• **Requirement**: Under this line are records; the part from the line containing "Even though they" through the line containing "First, we distributed" should be repeated exactly. Please exclude pictures.

• **Input for this task**:
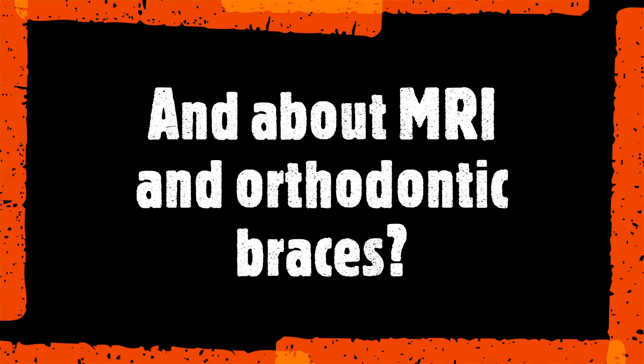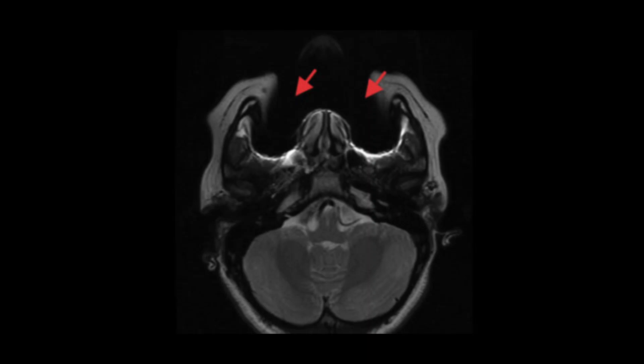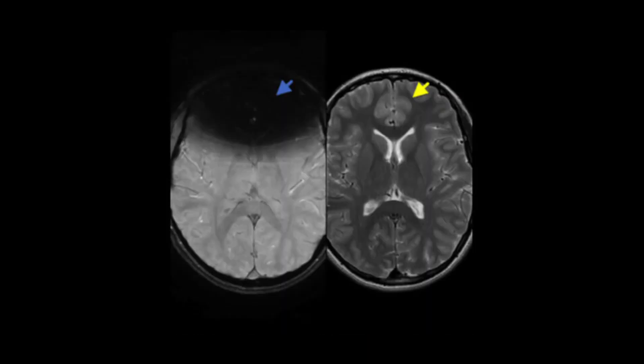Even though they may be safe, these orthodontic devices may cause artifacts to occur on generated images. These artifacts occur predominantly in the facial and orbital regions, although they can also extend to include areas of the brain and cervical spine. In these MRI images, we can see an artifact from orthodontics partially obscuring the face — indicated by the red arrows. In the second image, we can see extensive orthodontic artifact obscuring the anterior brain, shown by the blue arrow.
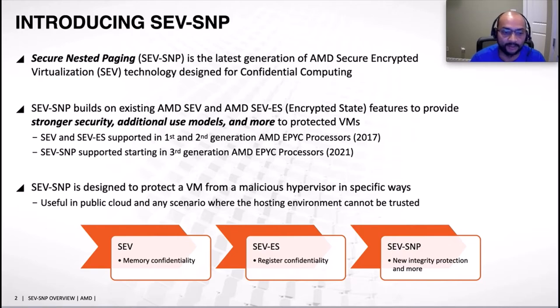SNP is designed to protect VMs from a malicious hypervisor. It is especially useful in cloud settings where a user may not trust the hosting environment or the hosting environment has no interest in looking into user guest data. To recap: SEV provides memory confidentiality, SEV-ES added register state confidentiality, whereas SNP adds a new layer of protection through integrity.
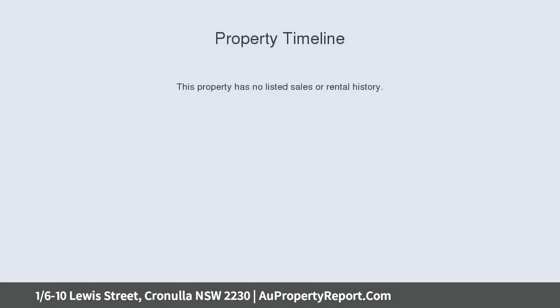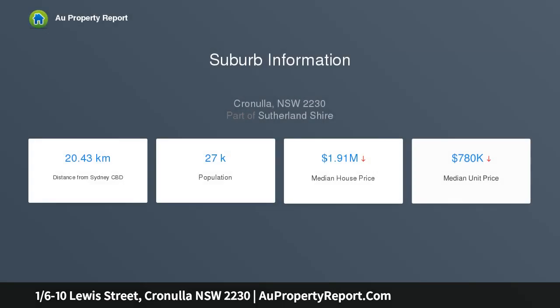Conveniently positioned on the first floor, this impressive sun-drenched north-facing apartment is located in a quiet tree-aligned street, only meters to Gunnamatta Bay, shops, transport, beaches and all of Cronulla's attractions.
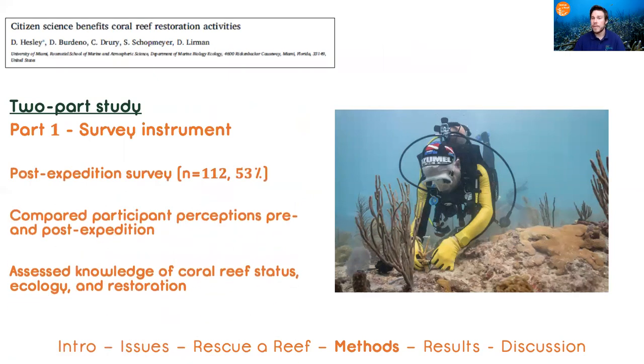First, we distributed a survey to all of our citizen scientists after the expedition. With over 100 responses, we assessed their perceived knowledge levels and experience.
--
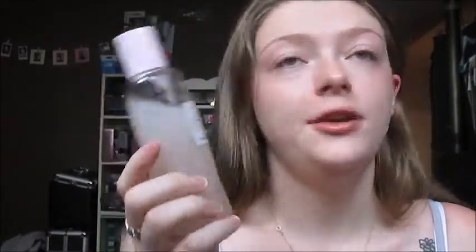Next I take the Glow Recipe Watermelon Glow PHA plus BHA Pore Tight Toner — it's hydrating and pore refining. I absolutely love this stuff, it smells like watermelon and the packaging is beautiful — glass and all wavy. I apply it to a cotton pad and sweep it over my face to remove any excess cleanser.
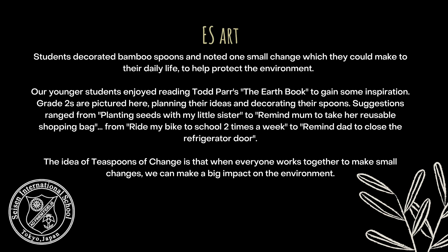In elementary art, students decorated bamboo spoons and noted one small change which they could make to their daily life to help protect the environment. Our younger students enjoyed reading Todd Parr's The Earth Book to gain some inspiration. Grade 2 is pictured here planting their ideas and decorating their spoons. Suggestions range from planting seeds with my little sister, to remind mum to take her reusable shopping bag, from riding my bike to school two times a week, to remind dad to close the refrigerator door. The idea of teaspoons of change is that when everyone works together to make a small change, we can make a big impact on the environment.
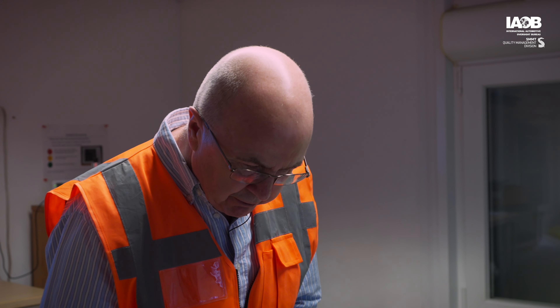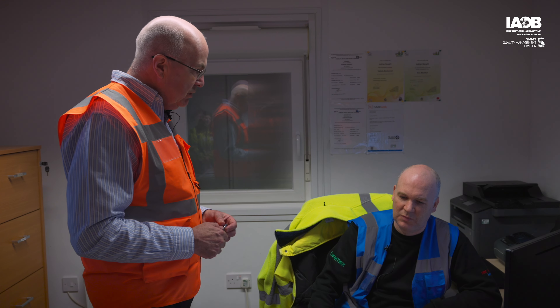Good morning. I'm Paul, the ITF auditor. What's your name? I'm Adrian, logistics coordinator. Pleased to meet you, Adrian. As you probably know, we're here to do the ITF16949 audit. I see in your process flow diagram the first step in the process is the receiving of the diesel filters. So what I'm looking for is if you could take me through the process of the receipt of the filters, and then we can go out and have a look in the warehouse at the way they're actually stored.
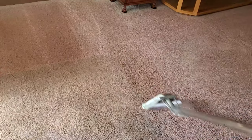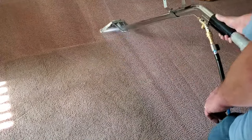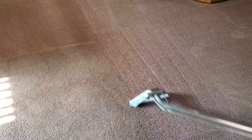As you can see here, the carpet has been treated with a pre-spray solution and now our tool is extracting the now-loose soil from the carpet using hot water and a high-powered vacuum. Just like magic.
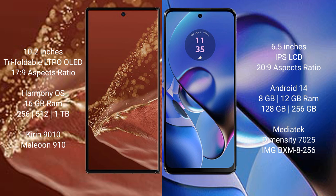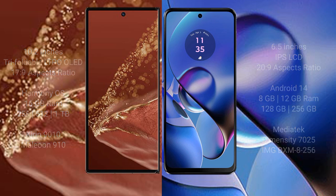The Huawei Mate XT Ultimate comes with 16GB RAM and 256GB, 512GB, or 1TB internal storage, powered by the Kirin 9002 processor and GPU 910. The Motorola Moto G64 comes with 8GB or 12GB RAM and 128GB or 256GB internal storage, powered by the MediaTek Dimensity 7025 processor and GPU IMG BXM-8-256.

• **Answer space**:
Even though they may be safe, these orthodontic devices may cause artifacts to occur on generated images. These artifacts occur predominantly in the facial and orbital regions, although they can also extend to include areas of the brain and cervical spine. In these MRI images, we can see an artifact from orthodontics partially obscuring the face — indicated by the red arrows. In the second image, we can see extensive orthodontic artifact obscuring the anterior brain, shown by the blue arrow.
SNP is designed to protect VMs from a malicious hypervisor. It is especially useful in cloud settings where a user may not trust the hosting environment or the hosting environment has no interest in looking into user guest data. To recap: SEV provides memory confidentiality, SEV-ES added register state confidentiality, whereas SNP adds a new layer of protection through integrity.
Conveniently positioned on the first floor, this impressive sun-drenched north-facing apartment is located in a quiet tree-aligned street, only meters to Gunnamatta Bay, shops, transport, beaches and all of Cronulla's attractions.
First, we distributed a survey to all of our citizen scientists after the expedition. With over 100 responses, we assessed their perceived knowledge levels and experience.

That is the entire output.